O Observatório do Clima aponta que a agropecuária brasileira tem potencial para reduzir suas emissões se políticas públicas incentivarem em larga escala o manejo correto dos pastos e a recuperação das pastagens degradadas. João Martins, presidente da Confederação da Agricultura e Pecuária do Brasil (CNA) certifica que o setor depende diretamente de investimento do governo. Em nota da CNA, ele afirma ver nos compromissos estabelecidos pela COP 21 um avanço, e indica que o negócio agropecuário brasileiro terá papel fundamental nesse processo. “Buscamos um modelo que atenda as exigências ambientais, mas que permita a exploração econômica destas áreas e possibilite o aumento da renda do produtor rural”, pondera.

Para a Sociedade Vegetariana Brasileira, porém, “A criação de animais para consumo é ambientalmente desastrosa”. A organização aponta que o setor agropecuário é responsável por 14,5% das emissões de GEE causadas por atividades humanas, em escala global (Organização das Nações Unidas para Alimentação e Agricultura, 2013).

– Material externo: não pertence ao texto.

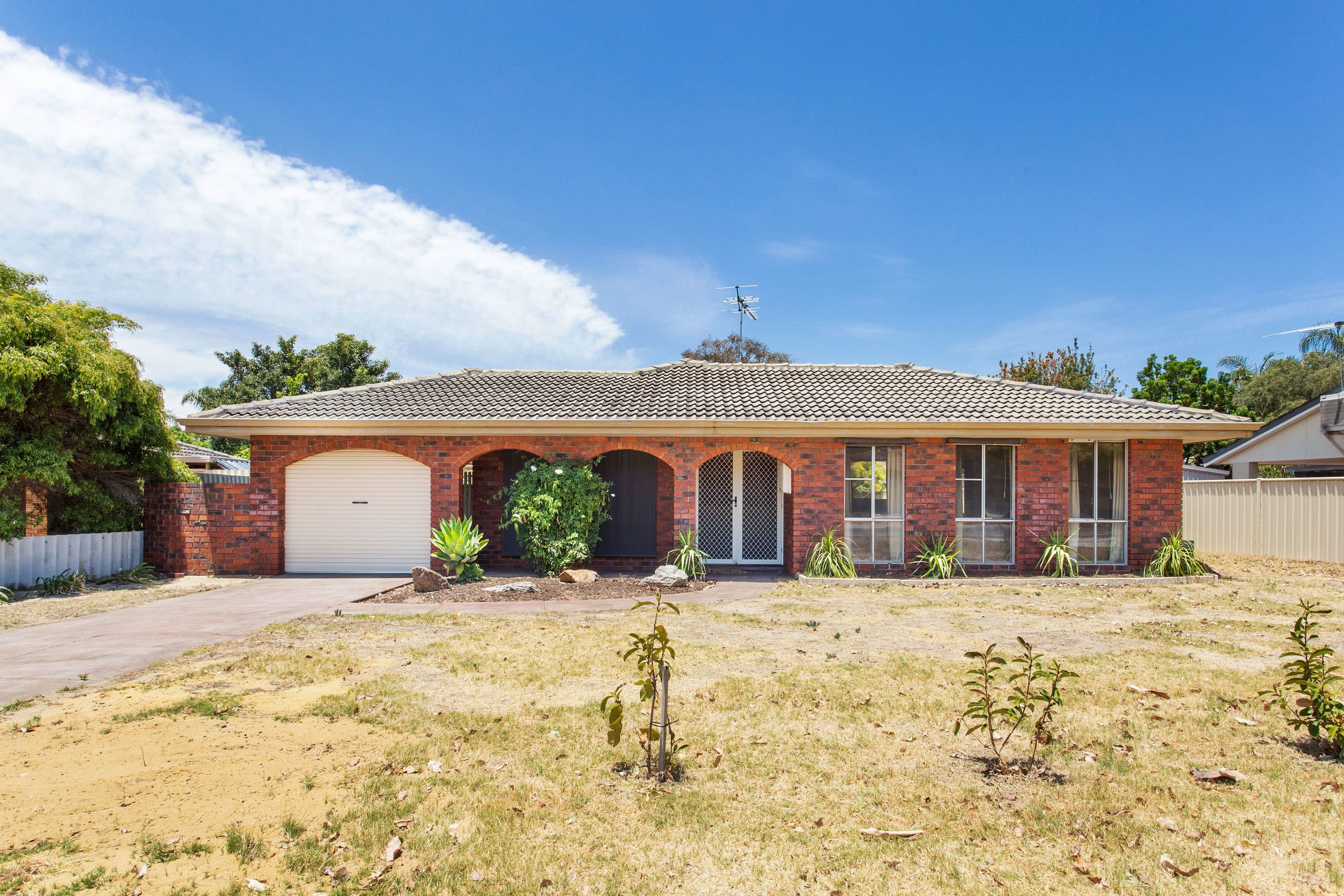 16 Kingsley Drive, Kingsley WA 6026, Kingsley - Thumbnail 4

Também indicam que a produção de 1 kg de carne bovina no Brasil, que emite 335 kg de CO2 na atmosfera, equivale às emissões produzidas ao se dirigir um carro médio por 1.600 km (Schmidinger K, Stehfest E, 2012). Segundo a Sociedade Vegetariana, “Uma das formas mais eficazes de mudar os nossos hábitos em favor de um meio ambiente mais saudável e equilibrado é, sem dúvida, adotar uma alimentação vegetariana”.

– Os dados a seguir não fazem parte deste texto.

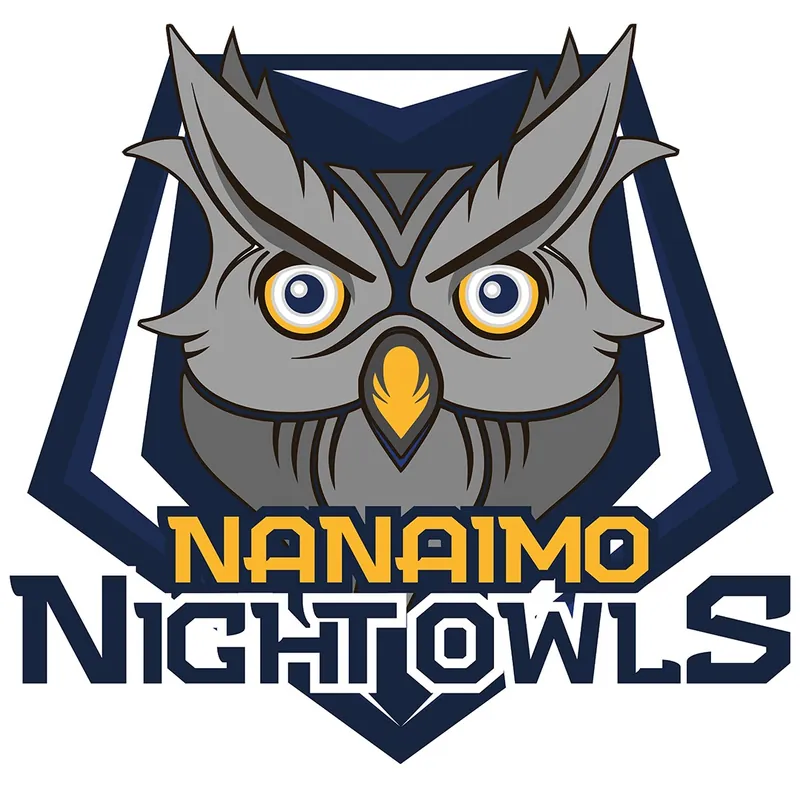 Nanaimo NightOwls vs. Victoria HarbourCats - $12 THURSDAY! at Wilson's Group Stadium at Royal Athletic Park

O PACIFIC INSTITUTE FOR CLIMATE SOLUTIONS APONTA QUE A DIETA VEGETARIANA PODE AJUDAR NA DIMINUIÇÃO DA PEGADA ECOLÓGICA, ISTO É, NO IMPACTO QUE CADA INDIVÍDUO CAUSA NO MEIO AMBIENTE.

Mais grãos,  por favor

O vegetarianismo se apresenta como uma opção de regime alimentar que permite distanciar o consumidor das práticas de produção alimentícia em larga escala. Vegetariano deriva do latim vegetus – “forte”, “vigoroso” saudável” – e pode ser definido como um regime alimentar que não depende do sacrifício de vidas animais. Desse modo, vegetarianos não consomem carnes e seus derivados, mas podem ingerir laticínios e ovos. Dentro do escopo vegetariano encontra-se também o veganismo, que estende o respeito aos animais para além da alimentação – veganos não incluem qualquer produto de origem animal em sua dieta ou em seu modo de vida, não consumindo carne, laticínios, couro ou lã, por exemplo.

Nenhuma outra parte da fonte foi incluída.